The beauty of this book is that the author creates these characters in this group who from the outside looking in are viewed as intelligent, wealthy, attractive, normal college aged-students. While everything may look normal to the outsiders of the book, it is interesting to see how Richard and the group attempt to mask their unraveling from Julian and the people closest to them who are unaware of what is happening. I think this is the part of the book that can resonante with not only college aged people, but anyone who decides to read this book. We all deal with complex issues in life and many of us choose to hide our issues from others and I think this book deals really well with showing this aspect of the story. Furthermore, the book combines elements that everyone can relate too, which is one of the most important things to me in a book as I enjoy reading something where I feel like I can relate to the character’s or the story. Lastly, the book combines all of this with an exciting plot which keeps readers engaged, strong character develoopment that are likeable even after the horrors they commit, dialogue which drives the stories, and mystery/action that helps enhance the book.

Overall, this book is a fantastic read for anyone interested in seeing what college life was like during the 80s but are interested in stories of friendship, murder, action, etc. This story esentially covers anything a good story needs and was a fantastic read.

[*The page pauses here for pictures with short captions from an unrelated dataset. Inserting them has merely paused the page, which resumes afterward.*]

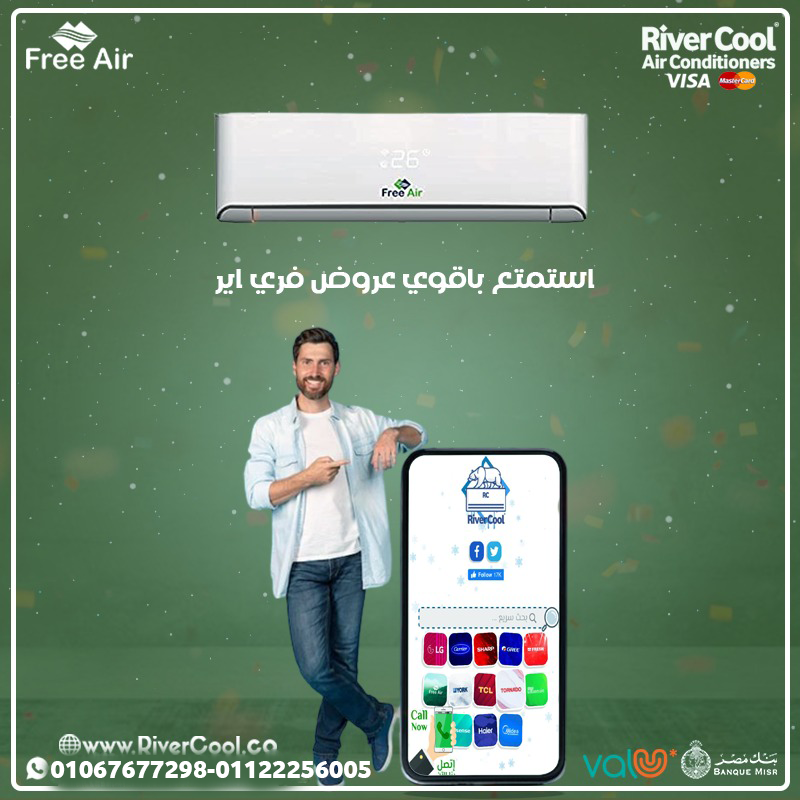 فري اير 33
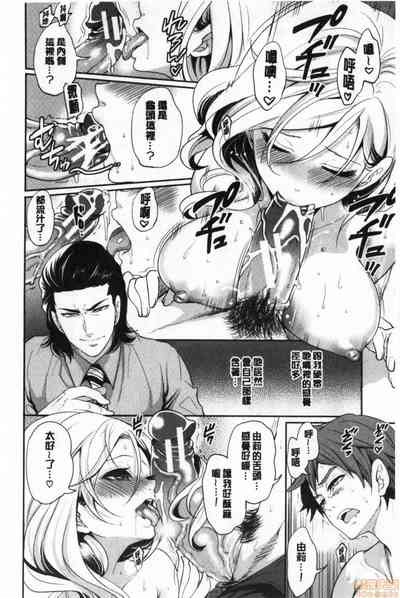 第63页图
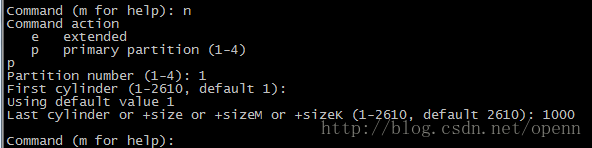 linux硬盘分区格式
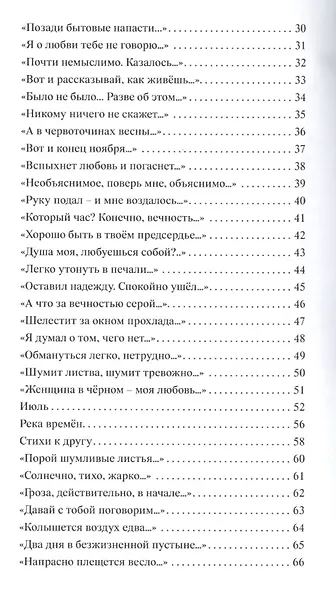 Стихи к другу - фото 3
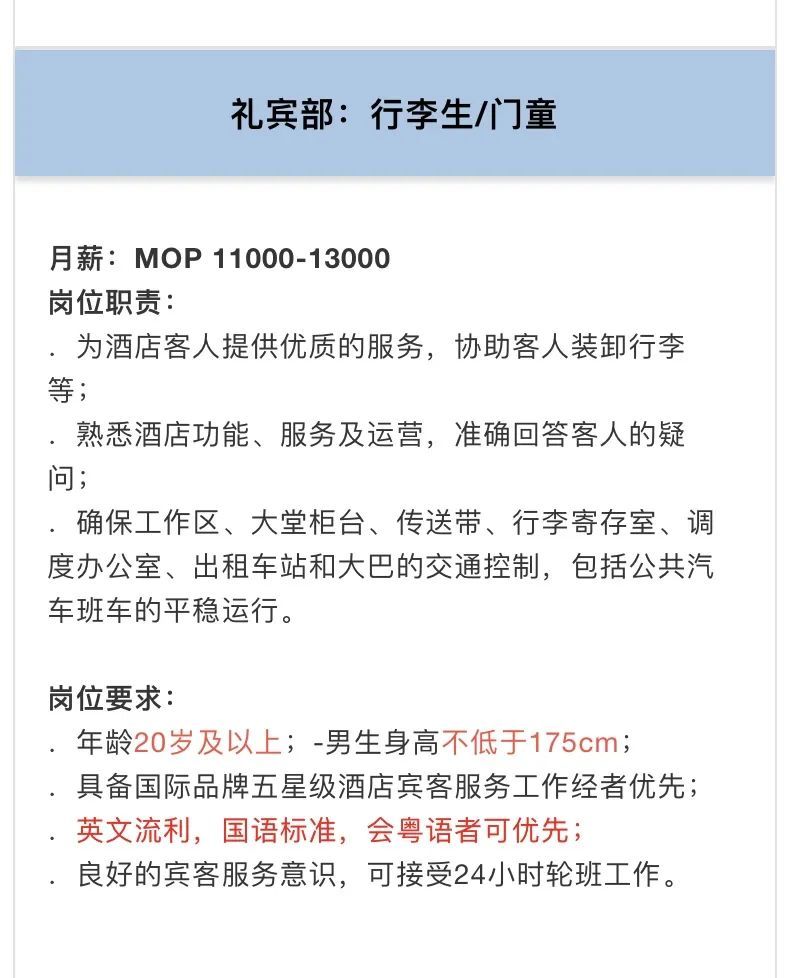 1-2310110UP2953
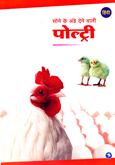 sone-ke-ande-denewali-poultry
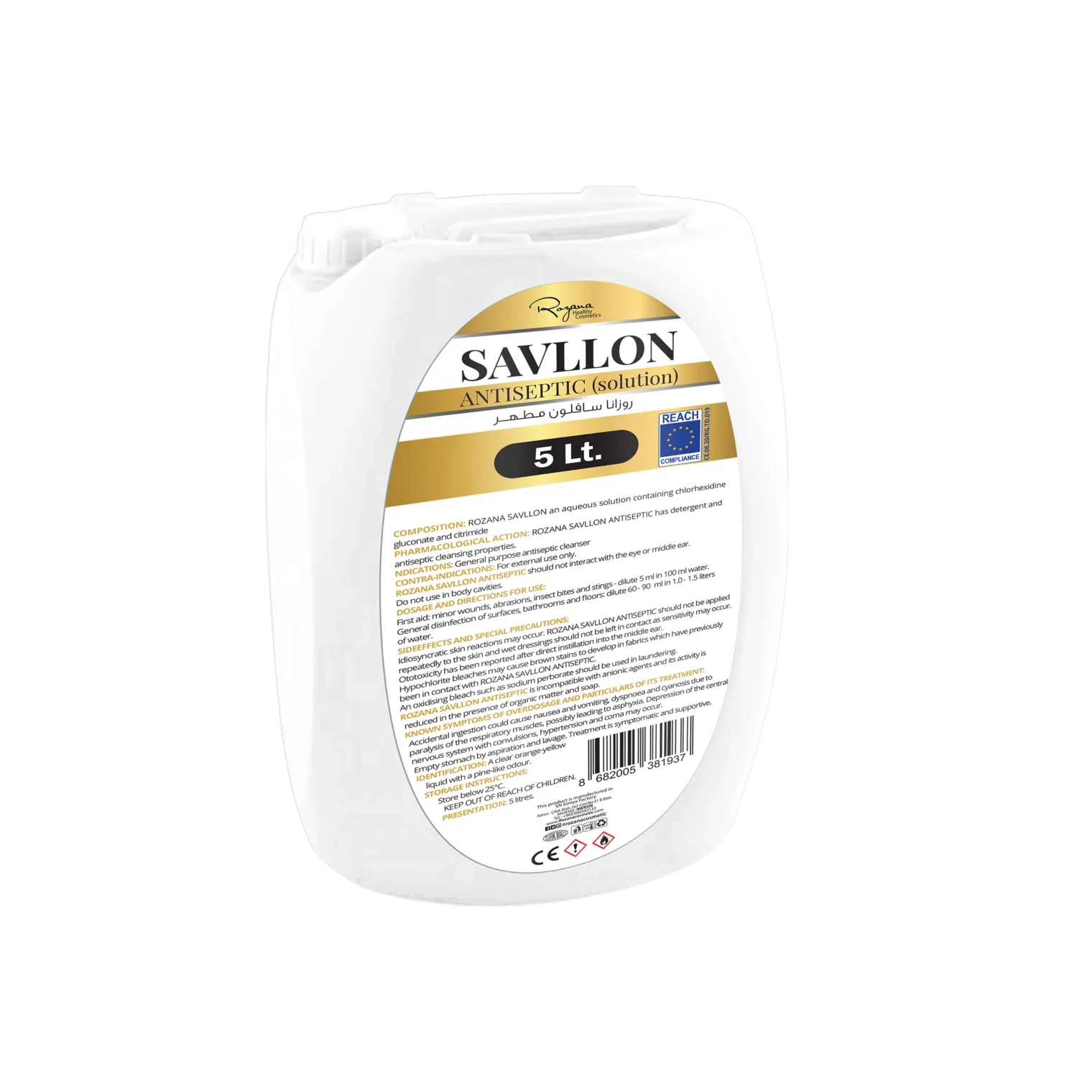 ROZANA SAVLLON ANTISEPTIC 5L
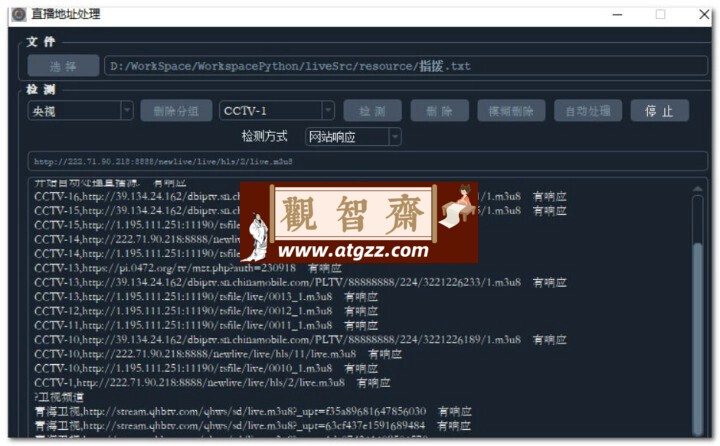 电视直播源有效性检测工具-观智斋电商课程站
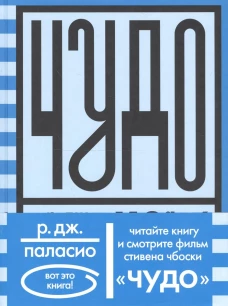 Чудо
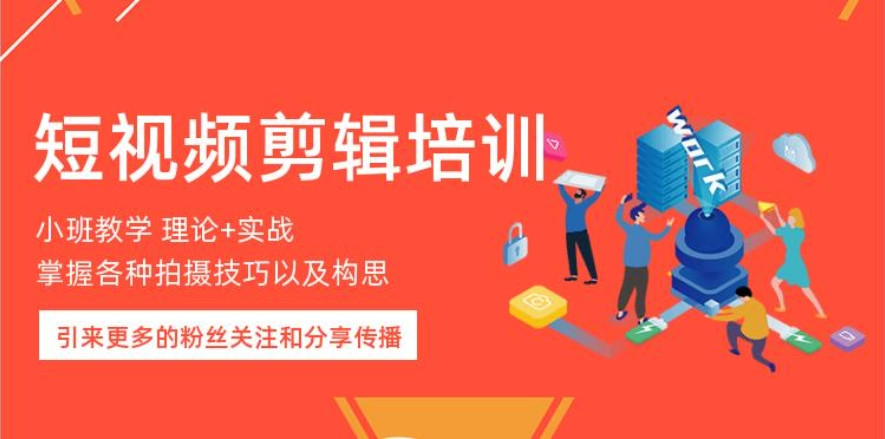 视频剪辑培训比较有名的学校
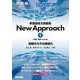 新英語長文問題集　New　Approach　① [全集叢書]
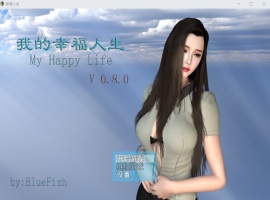 【RPG中文动态】我的幸福人生V0.8.1【安卓+PC】中文版【更新6G】【补档】-IS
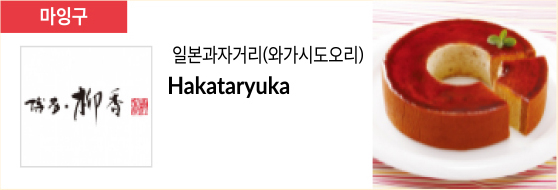 일본과자거리(와가시도오리) Hakataryuka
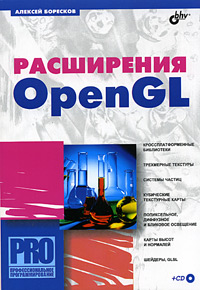 Купить Книга Расширения OpenGL. Боресков. +CD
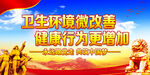 卫生环境微改善 健康行为更增加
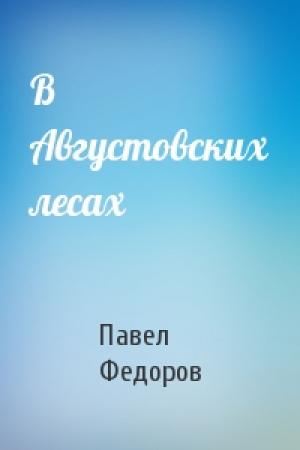 Обложка книги «В Августовских лесах» — Павел Федоров
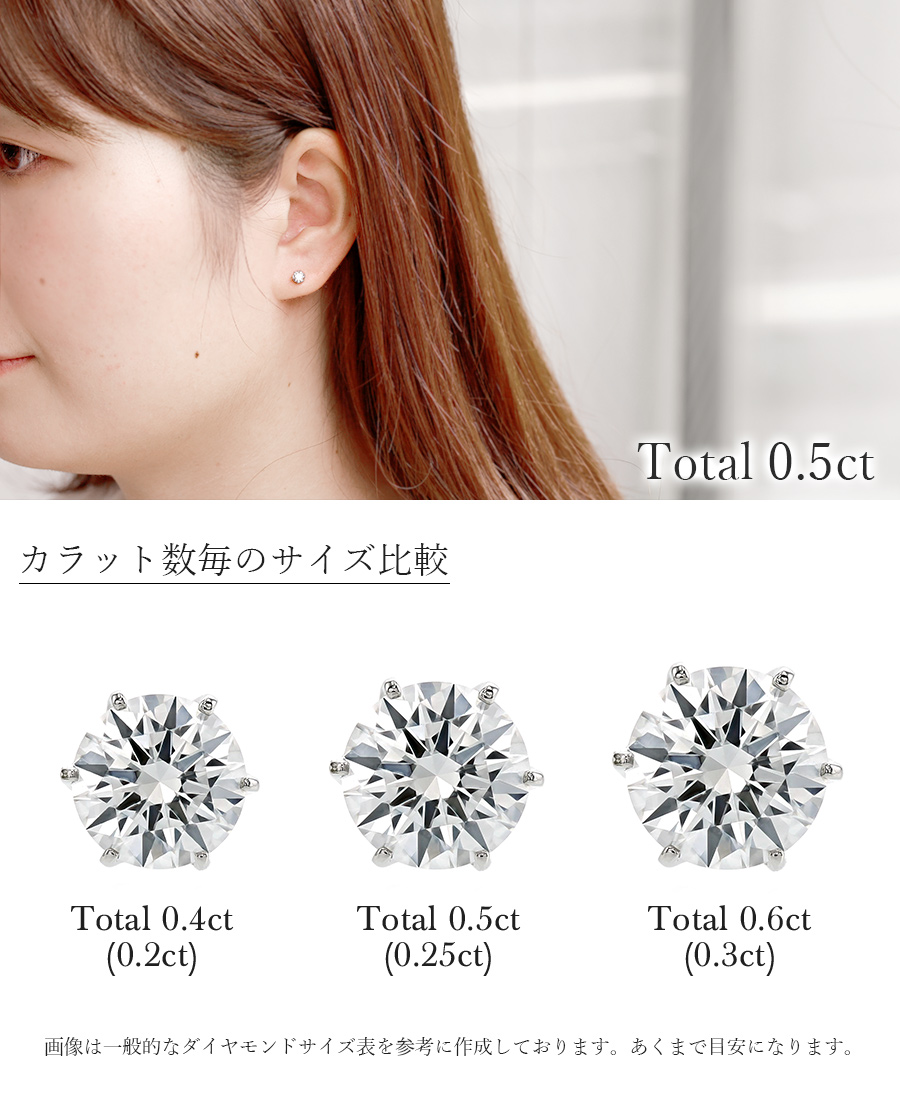 pt一粒ダイヤモンドピアス 計0.6ct(0.3ct×2)-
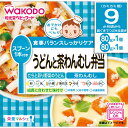 AG食品 マルシェうどんと茶わんむし 160g ウェルパーク【税込3980円以上で送料無料】▲B2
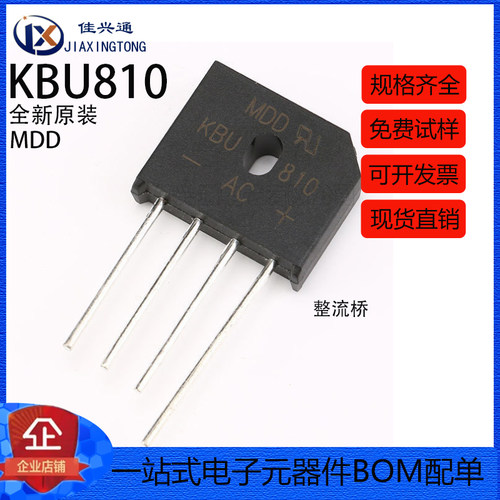 原装正品 KBU810 8A/1000V 扁桥 整流桥堆 硅桥式整流器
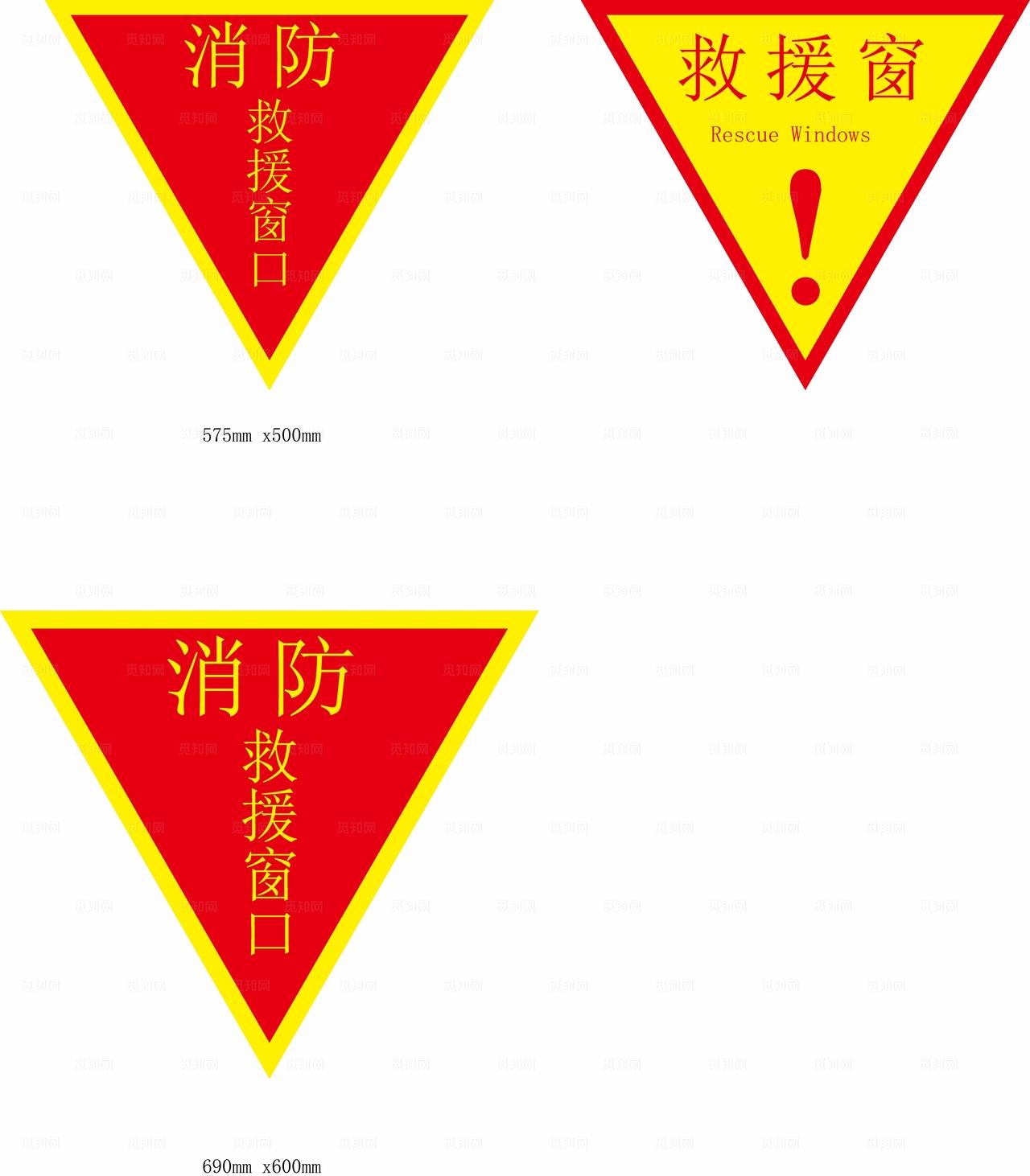 消防救援窗图片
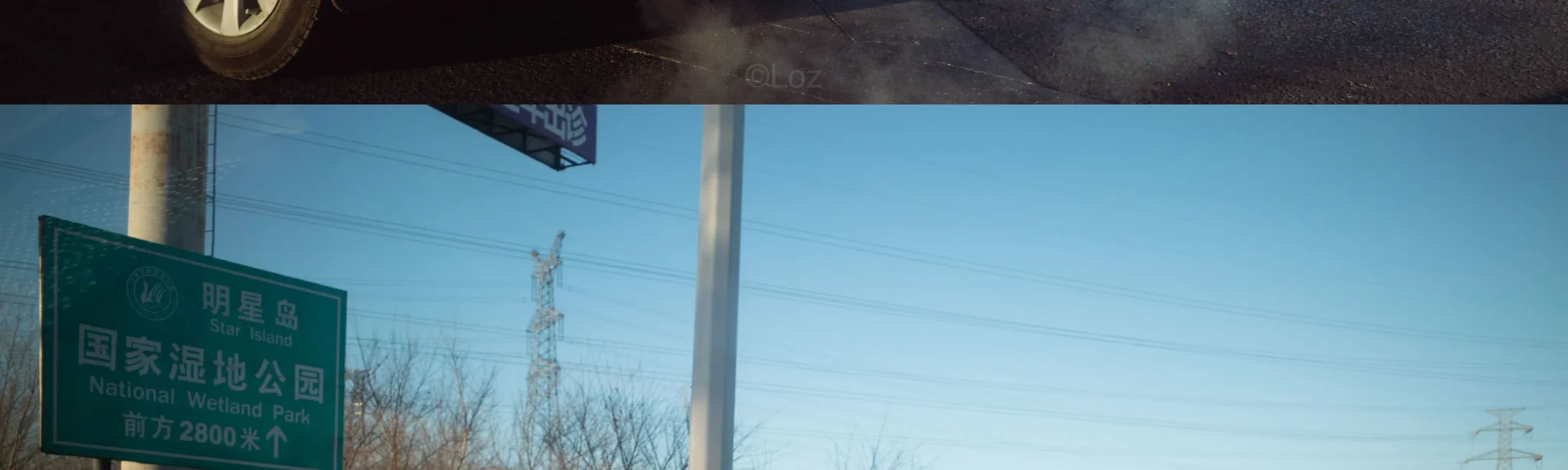 shopthietke com Shopthietke.com 114 scaled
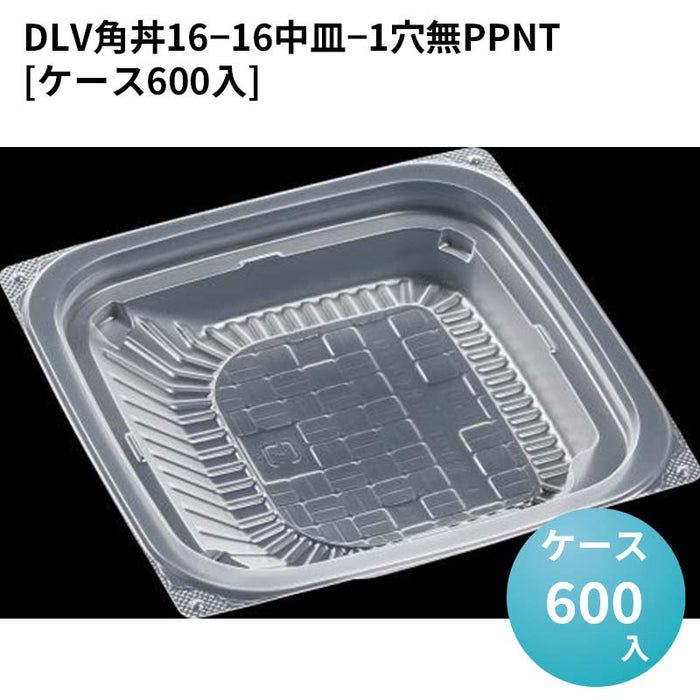 DLV角丼16－16中皿－1穴無PPNT[ケース600入]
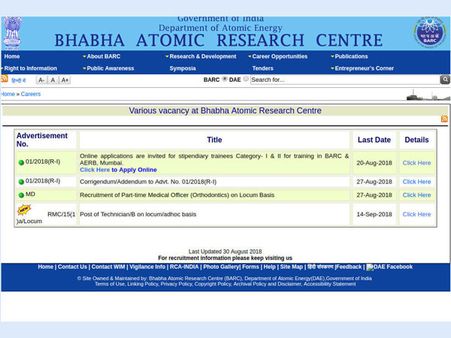 ಸ್ಟೆಪ್ 5:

While at times it can seem rather long (around 600 pages), it is well worth the time invested and was one of the better books I’ve read over the last years. I’m glad to share my thoughts on this book and hope some of you get a chance to read it. I’m currently reading Principles by Ray Diallo, which I should be finished with in the next week or so and am excited to talk about that one. Hope you all enjoyed this post!

 

 

 

One thought on “The Secret History by Donna Tartt

  1. I am a huge Gatsby fan, so relating Nick Carraway with the narrator compells me to dive into this book and fall in love with the liberal art 80’s. Great piece!